February 20 & 21, 2011
This year’s theme is Telling Our Stories / Breaking Down Barriers, suggesting the power of story – the many different stories that reveal and inform our lives—to both give voice to the wide range of human experience that makes up the world we all share and bring us together in the very act of sharing these stories with one another.
Stories inspire us, teach us, delight us, and provoke us. Some tickle us all day, and we laugh out loud; others reach far into our souls, and we soak them in tears. They can reveal to us who we are, but also what we aspire to be; the better world we seek to find or even begin to create.
Stories become part of us, and we, part of them. But stories also allow us to become part of each other, giving us something to share, to pass on.
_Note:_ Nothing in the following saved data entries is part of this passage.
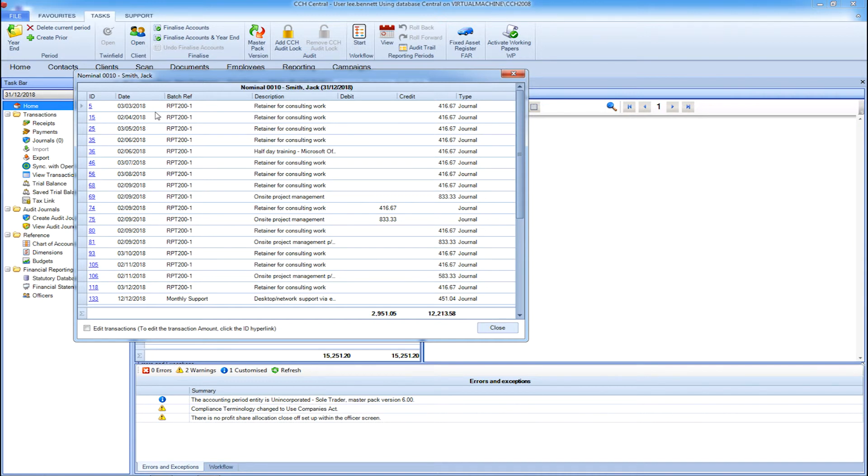You have the flexibility to set your syncing to happen every 24 hours automatically or as and when you need it.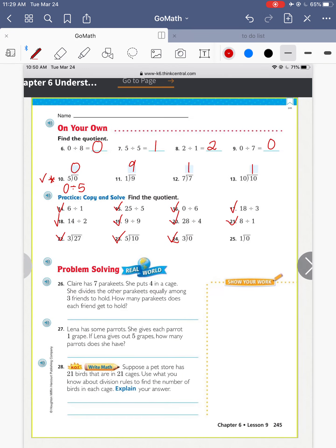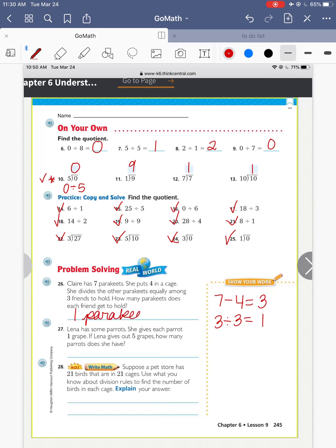Okay, now that you have those done, let's do the problem solving at the bottom. Claire has 7 parakeets. She puts 4 in a cage — so 7 minus 4 is 3. She divides the other parakeets equally among 3 friends to hold. So 3 divided by 3 friends means each friend gets to hold how many parakeets? Three divided by 3 is 1 — one parakeet each.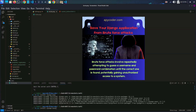Hello everyone and welcome to another tutorial on API Goto. This is Asif. Today we are going to dive into the world of Django security with a focus on django-axes. Django-axes is a powerful tool for safeguarding your Django web application against brute force attacks.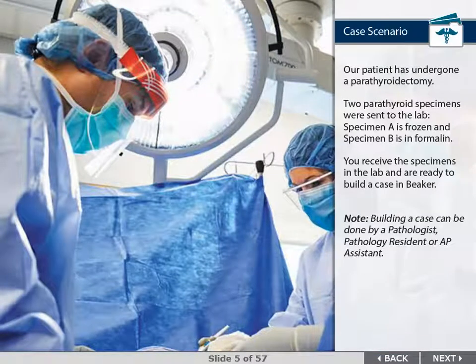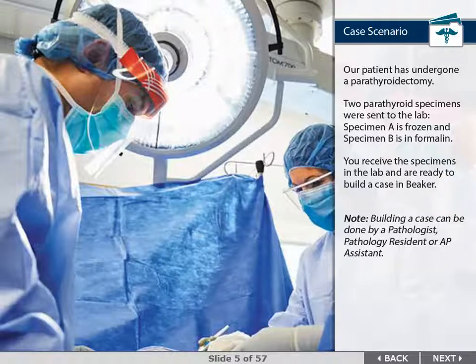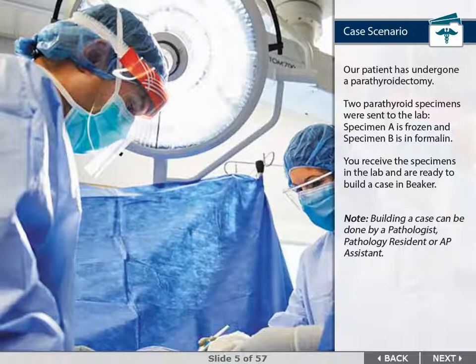Our patient has undergone a parathyroidectomy. Two parathyroid specimens were sent to the lab—specimen A is frozen and specimen B is in formalin. You receive the specimens in the lab and are ready to build a case in Beaker. Note that building a case can be done by a pathologist, pathology resident, or AP assistant.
For isn’t it true that many of our favorite books and poems are those we enjoy together, parent and child, friend and friend, sister and brother, or grandma and grandpa–taking care of the little ones, or trying to shed some light on teenage life?
Let’s celebrate the power of African American writing in terms of such shared words!
Individual readers are as always welcome, but we also encourage group or communal readings, or reading in pairs, so that the read-in extends beyond the event here today and is recognized in the reading we do together in our lives – a book a friend recommends or loans to another, a bedtime story read and shared between generations, and all the other ways literature brings us together in our lives.